First Minister Humza Yousaf urged the Prime Minister to ask the Indian government for the release of a Scottish blogger who has been in jail there for more than five years.
Yousaf wrote Sunak on Saturday, saying that Sikh blogger Jagtar Singh Johal has been wrongfully imprisoned and urged him to take a “direct approach” to make progress in the case.
Mr Singh Johal, born in Scotland and from Dumbarton, was in Punjab in northern India for his wedding in 2017 when his family say he was arrested and bundled into an unmarked car.
Yousaf said he has been accused of terrorist activity, including involvement in the murder of Hindu nationalist leader Ravinder Gosain in 2015.
He added that Mr Singh Johal has been tortured, including through electric shocks, and is facing the death penalty.
In his letter, the First Minister said: “Jagtar has now been imprisoned in India for over 2,000 days.
“In May 2022, the UN Working Group on Arbitrary Detention concluded that Jagtar Singh Johal had been arbitrarily detained and his detention breached international human rights law.
“The clear recommendation of the report was that Jagtar Singh Johal should be immediately released. Yet Jagtar remains in prison.

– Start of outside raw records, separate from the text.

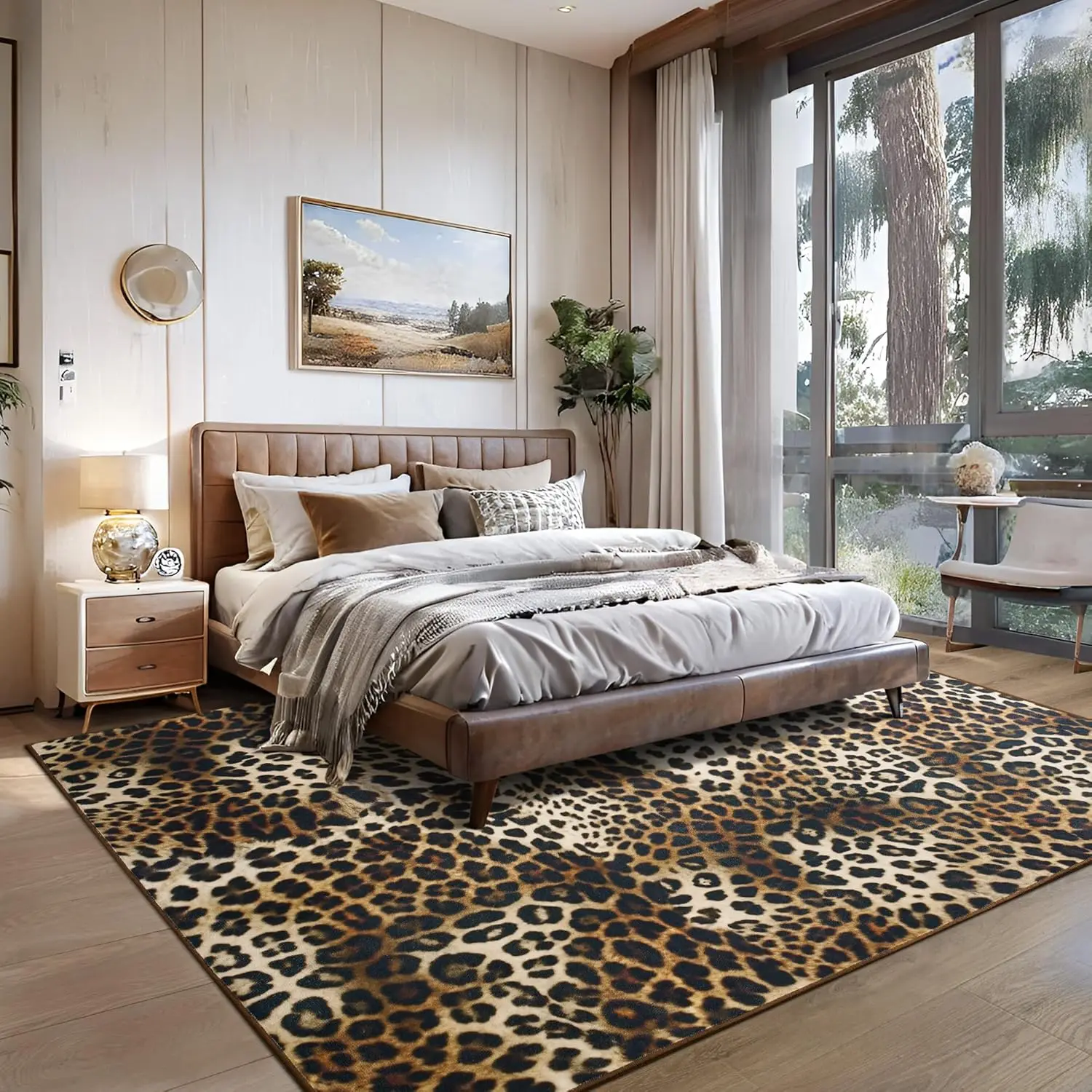 

Leopard Area Rugs for Bedroom Laundry Living Room Dorm Cheetah Print Carpet Entryway Hallway Home Decor Doormat Throw Rug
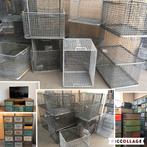 Industriële Draadmanden Opbergmanden Haardhout Bakken SALE, Minder dan 50 cm, Gebruikt, Ophalen of Verzenden, Metaal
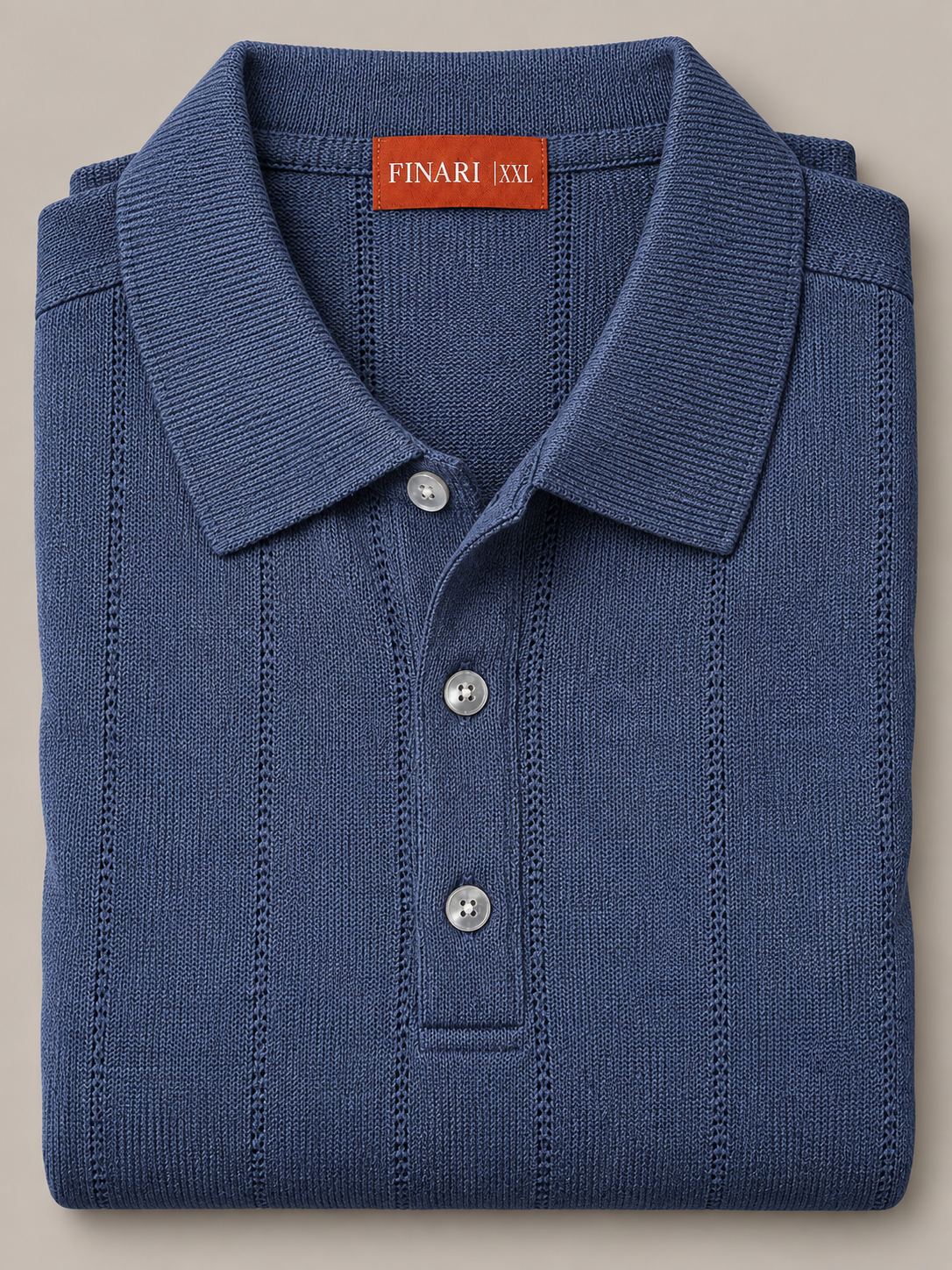 Marineblauwe Gebreide Polo
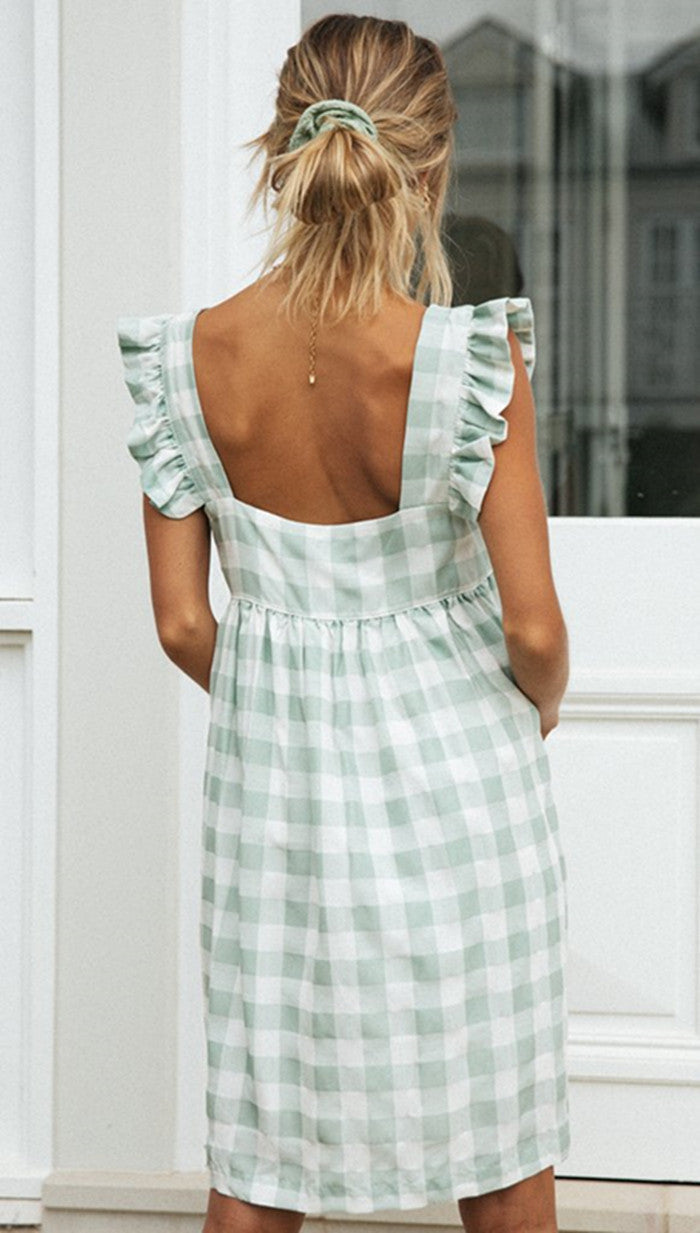 Green Tartan Print Shift Dress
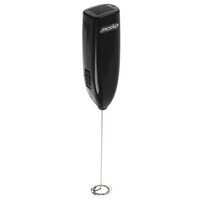 Mini-mixer spuma lapte cu baterie, maner izolat termic, Inox, latte, ciocolata calda, cappuccino, frappe, 2x1.5V AA, Negru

“I am therefore writing to ask that you make a direct approach to the Government of India to ask for Jagtar’s immediate release in line with the UN Working Group’s unequivocal recommendation.
“This would give the family the reassurance of knowing that the UK Government is prioritising the protection of a citizen who has been wrongfully imprisoned.”
Yousaf met Gurpreet Singh Johal, the brother of Jagtar Singh Johal, earlier this month and vowed to keep lobbying for his release.
The Government has been criticised for taking a “very long time” to resolve Mr Johal’s case, with the husband of Nazanin Zaghari-Ratcliffe accusing MI5 and MI6 of supplying information that led to the Scottish Sikh blogger’s abduction and torture.
Ms Zaghari-Ratcliffe, who was released from prison in Iran in March 2022, joined a protest in central London last year year to call on the UK Government to do more for Mr Singh Johal.
A Foreign Office spokesman said: “We have consistently raised our concerns about Mr Johal’s case directly with the government of India, including his allegations of torture and his right to a fair trial – we are committed to doing what we can to assist him.”
The Foreign Office said it has raised its concerns, including Mr Johal’s allegations of torture, with the Indian government on more than 100 occasions and will continue to do so.
It said consular staff visit him regularly to check on his welfare and did so most recently on May 1. They also continue to attend relevant court hearings in an observer capacity.
The Foreign Secretary most recently discussed Mr Johal’s case with the Indian external affairs minister in New Delhi on March 1.